In a column on Sept. 5, Bob Ford wrote: "Regardless of how the race in the division turns out - and the Phillies may yet pin the Mets in the muddy trough - the organization let down its players and fans by not doing enough to solidify the roster. Should the Phillies get past the Mets - and starting the process tonight wouldn't be the worst idea - they probably aren't good enough to go very far in the playoffs."
The Inquirer does not regret that Mr. Ford didn't know his rear end from third base in this instance.

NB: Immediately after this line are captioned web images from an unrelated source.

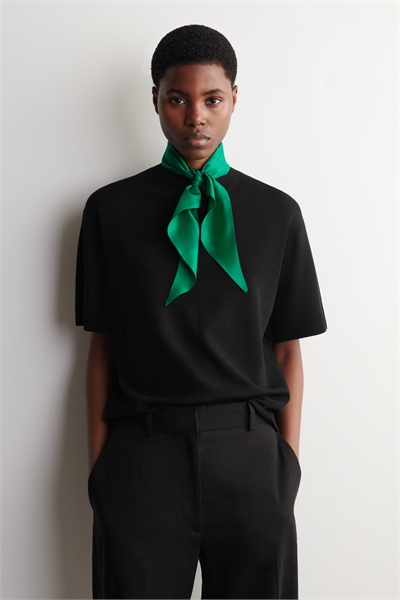 Футболка из мериносовой шерсти с шарфом артикул 1338717002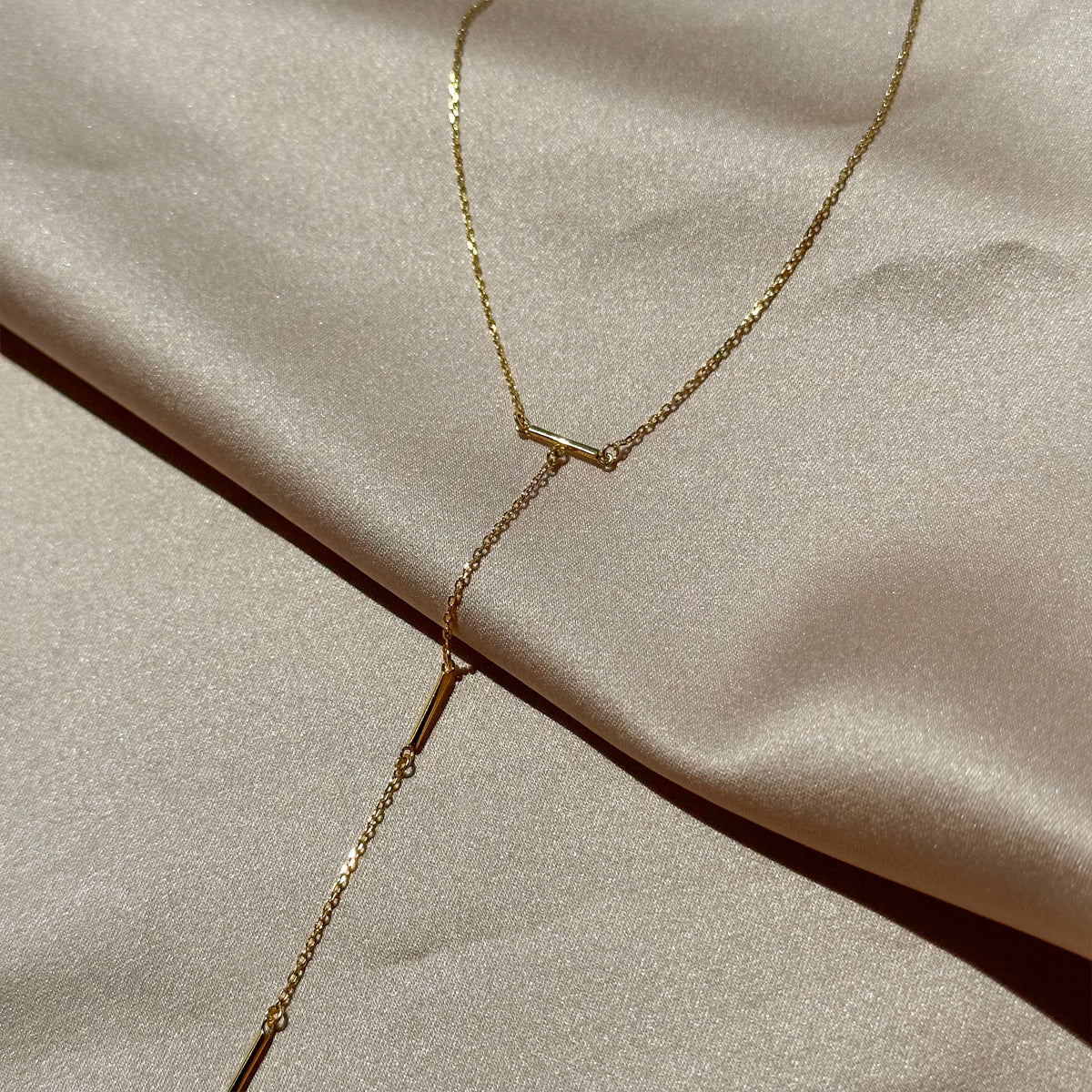 Levels Vermeil Lariat Necklace | Gold Vermeil | Product Image | Uncommon James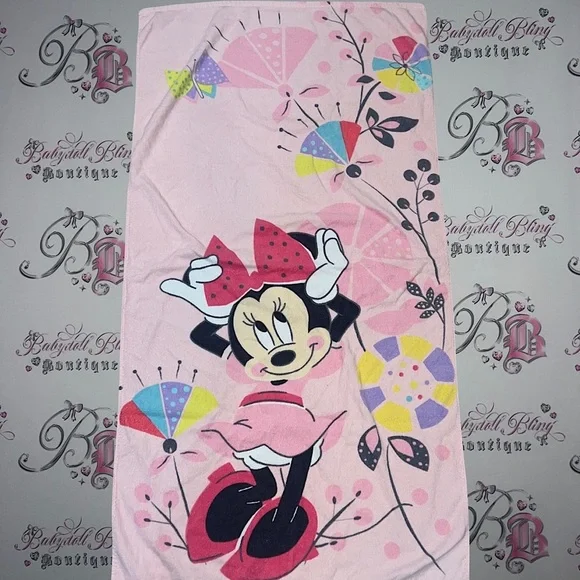 Disney towel Minnie Mouse pink beach bath 🛁 🏝️ summer cute soft Disney lover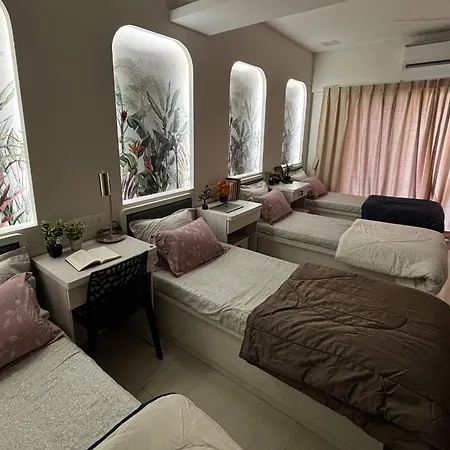 Hostel Starlivinn - Students Yearly Mumbai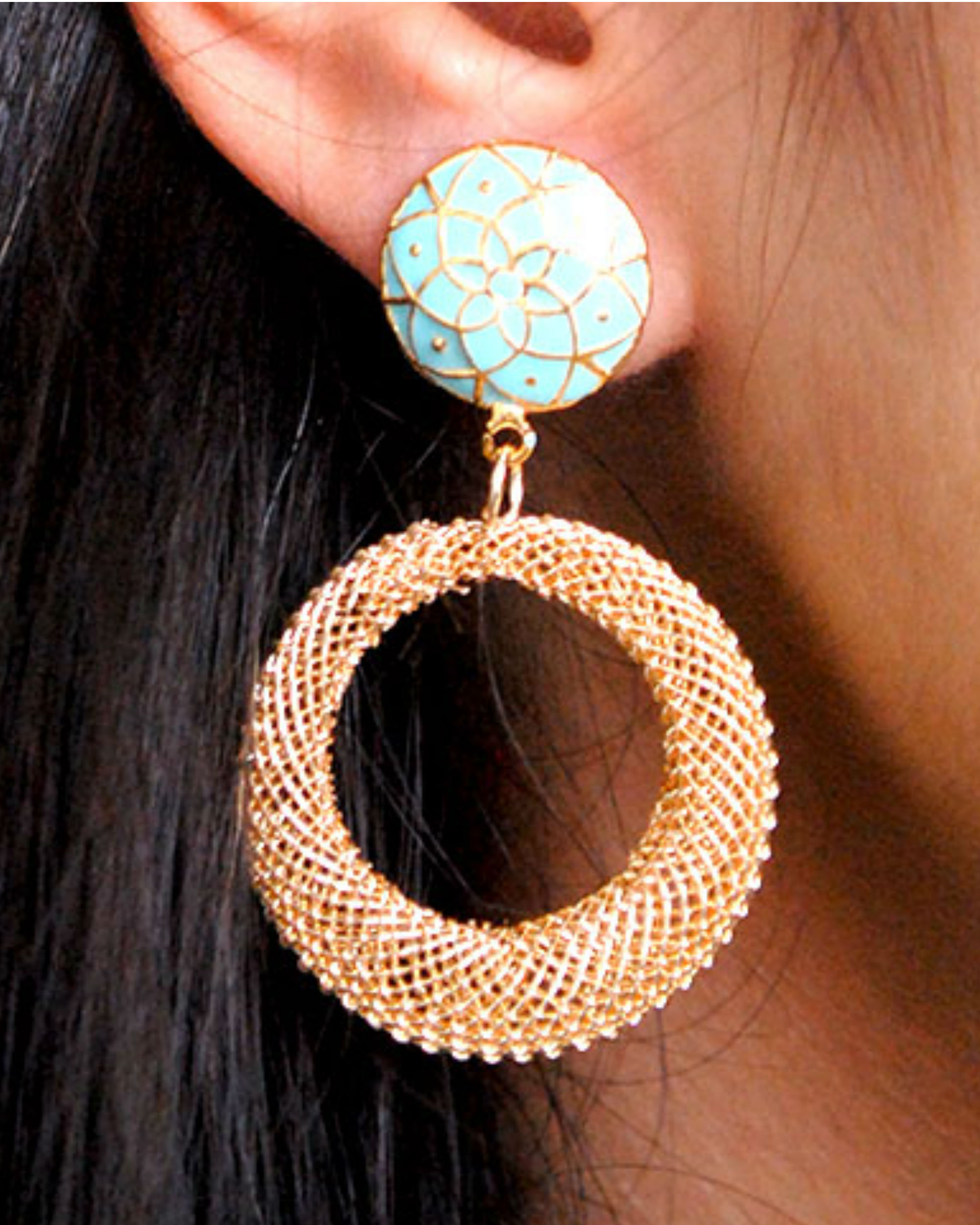 Turquoise round mesh earrings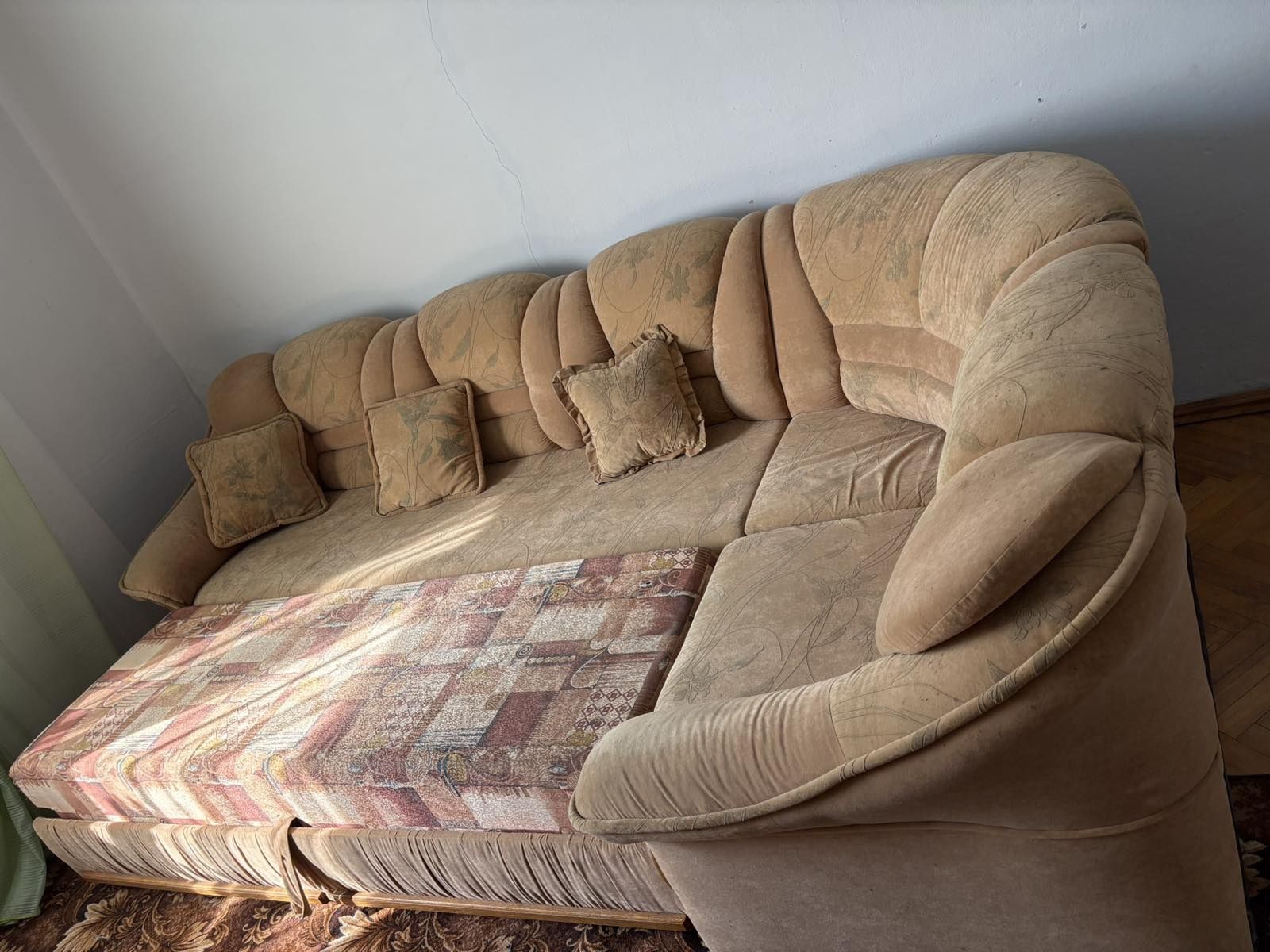 Продам Диван кутовий , все справне , стан як на фото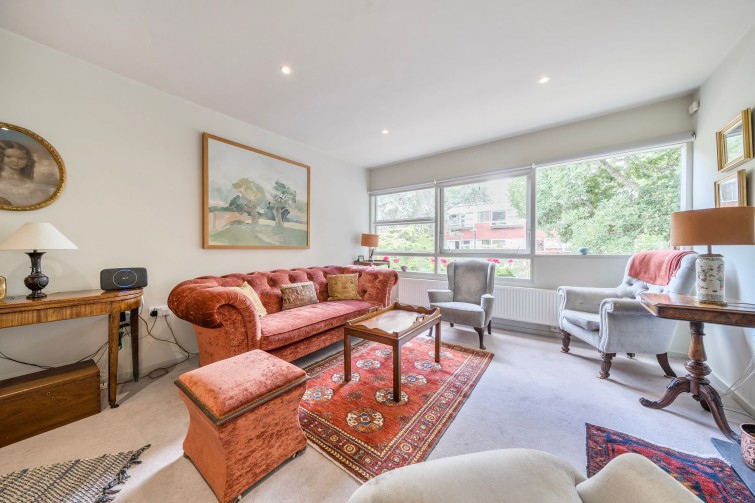 14 Marlowe Court Parkleys, Richmond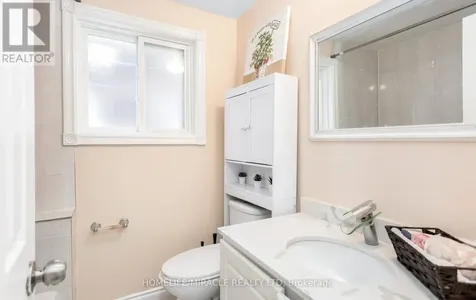 501 Glenelm Crescent Waterloo ON N2L 5C7
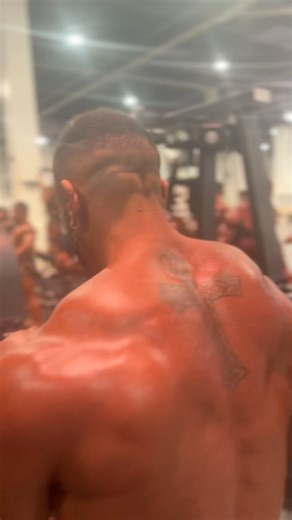 Everyone is super focused at the pump io room #mrolympia #bodybuilding | Generation Iron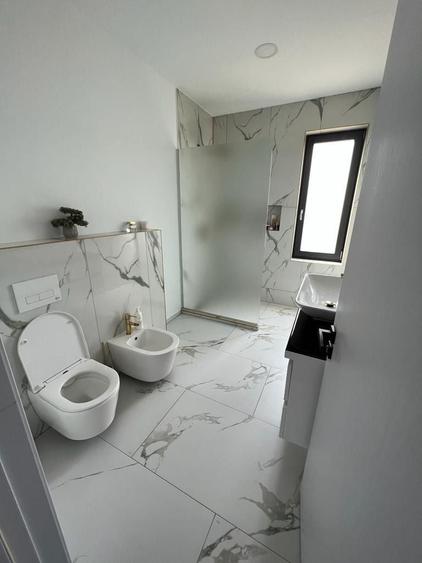 Casă cu 3 camere în Agigea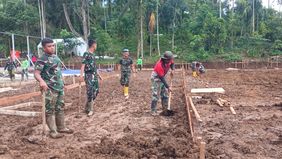 Pemerintah melalui PT Hutama Karya (Persero) bersama kolaborasi tujuh BUMN Karya melakukan percepatan pembangunan Hunian Sementara (Huntara) di Kabupaten Aceh Tamiang, Aceh.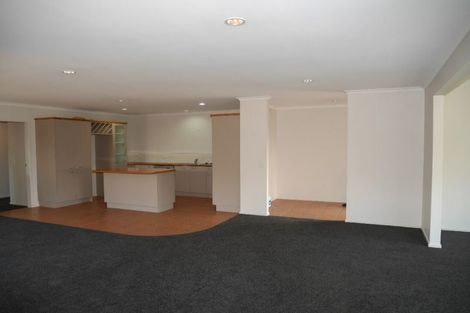 Photo of property in 8 Santa Teresa Court, Paraparaumu Beach, Paraparaumu, 5032
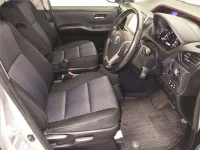 Toyota NOAH лот № 10002 оценка R  с аукциона в Японии 4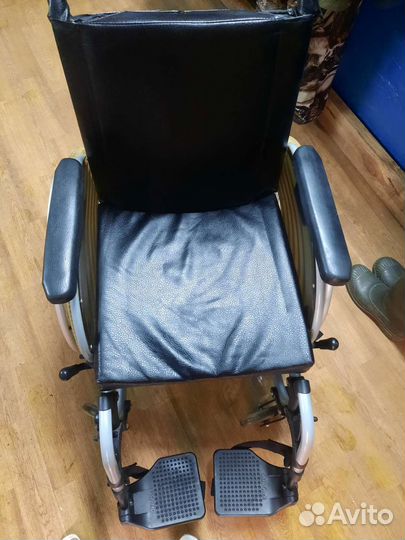 Коляска инвалидная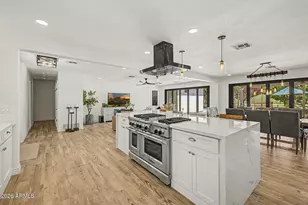 302 E Harmont Dr, Phoenix, AZ 85020 - Photo 12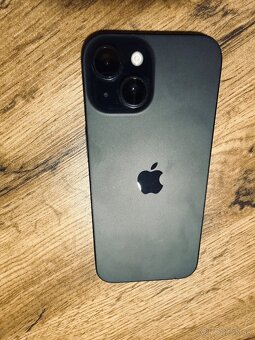 iPhone 15 - 5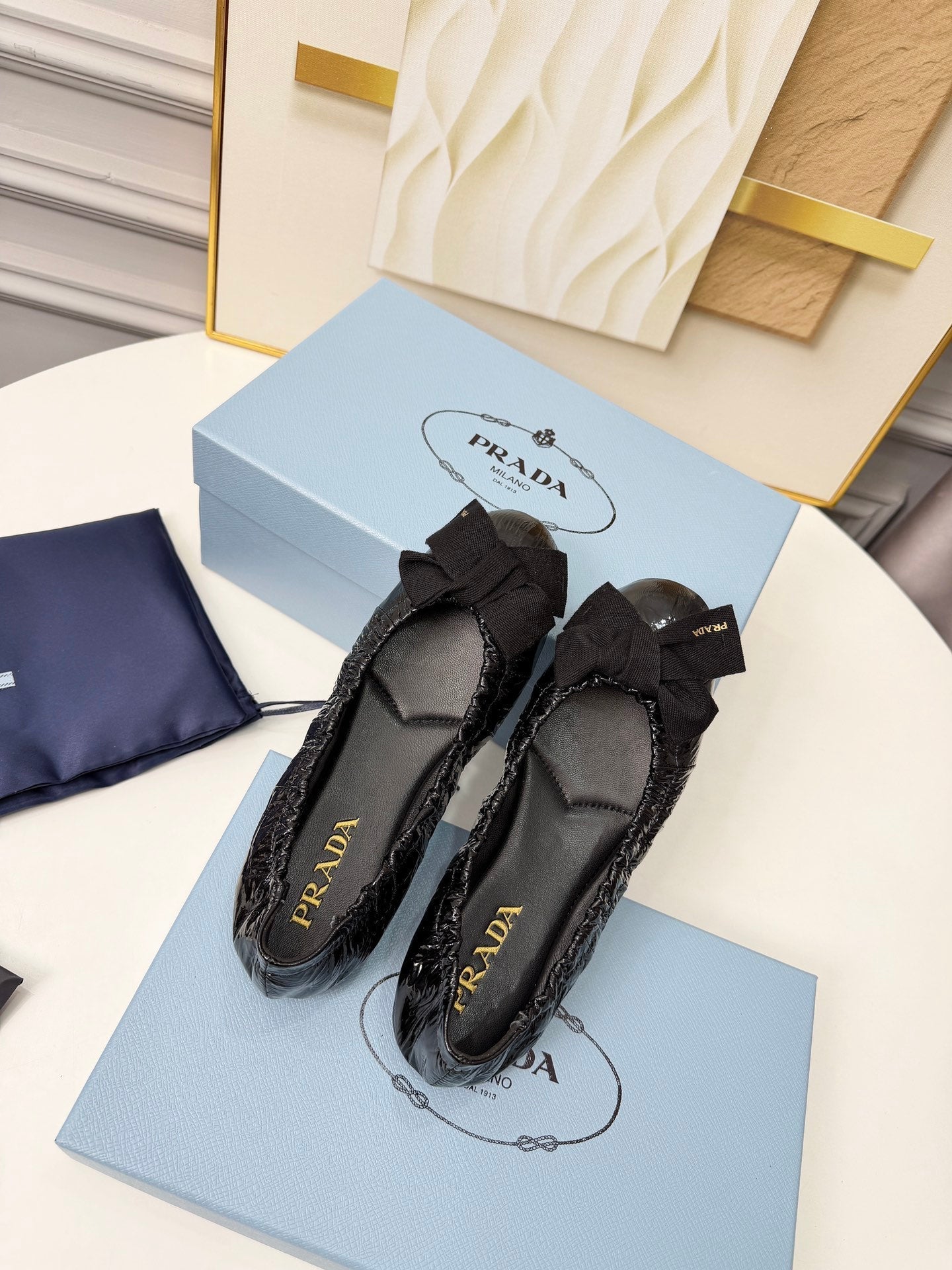 БАЛЕТКИ PRADA 26S З ЧОРНОЇ ТЕЛЯЧОЇ ШКІРИ З БАНТОМ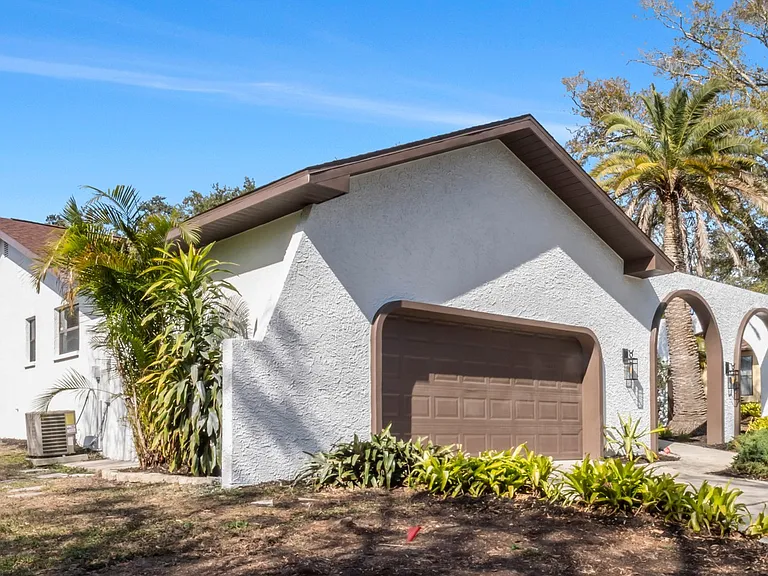 4907 Parson Brown Ln — Photo 2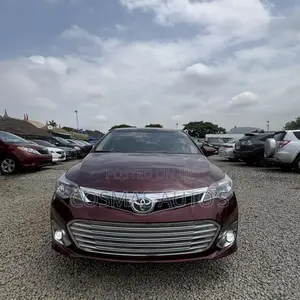 Toyota Avalon XLE Premium 4dr Sedan (3.5L 6cyl 6A) 2014 Maroon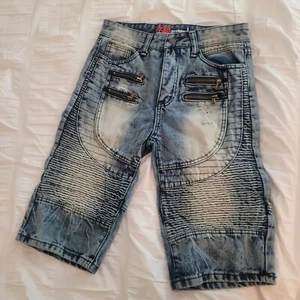 NEW Boys Blue Jeans Shorts Destroyed, Paint & Zipper Size 18 - Picture 1 of 3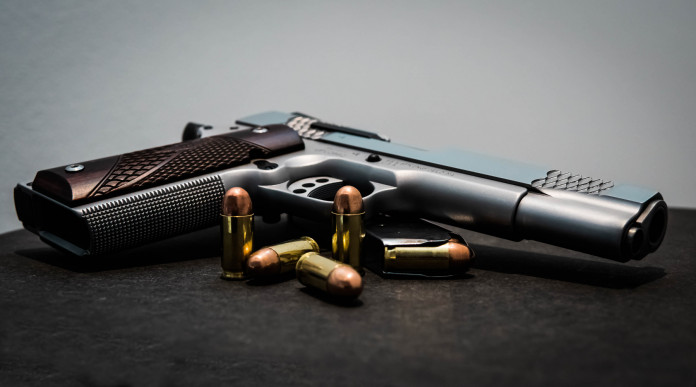 Proposte di legge sulle armi: pistola 1911 calibro .45 ACP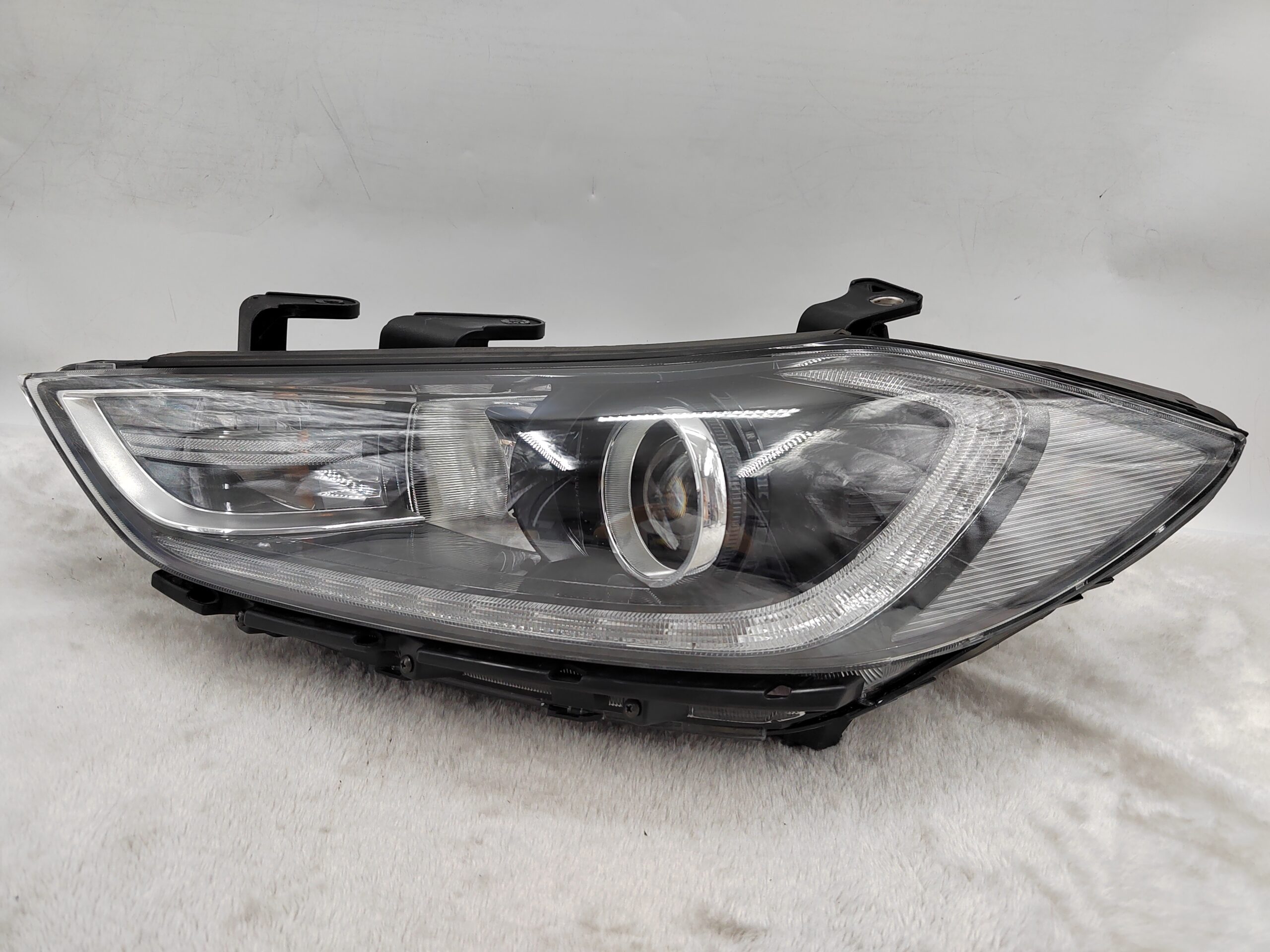 HYUNDAI ELANTRA AD 2017-2018 HALOGEN L.H.S HEADLIGHT ASSEMBLY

In a column on Nov. 2, Bob Ford wrote: "And amazingly enough, it turned out to be the Phillies. After all those years, after all that speculation, it was the baseball team that broke the streak, ended the drought, cleared the pigs for takeoff, brought the blue snow from the October sky and released the hounds. In other words, not the Eagles. It is as if the bride and the maid of honor conspired on the bouquet toss, but the flowers bounced from her hands and landed in the lap of the goofy kid sister."
The Inquirer, once having gotten past the drought, pigs, snow and hounds, did like the bouquet analogy.
In a column on Nov. 17, Bob Ford wrote: "If you can't beat the Cincinnati Bengals, not only aren't you going to the playoffs, you don't really belong there."
Mr. Ford must learn someday about making statements like that.
In a column on Nov. 24, Bob Ford wrote: "Reid could think twice about the situation and give McNabb another chance, explaining away yesterday's second half as a wake-up call. They have been so inextricably linked for a decade, it is hard to imagine this cold afternoon in M&T Bank Stadium was really the last stop on the line."
The Inquirer regrets it got a little carried away, unlike Mr. Ford, by the whole benching thing, in retrospect.
In a column on Dec. 22, Bob Ford wrote: "The Eagles went out and saved the coach's job yesterday. Unfortunately, it was Jim Zorn's."
The Inquirer has to admit it was funny at the time.
Well, once again, I feel better now. The slate has been wiped clean for the new year and there will be no repeat of the same mistakes, the same hiding of corrections. As always, trust is our bond.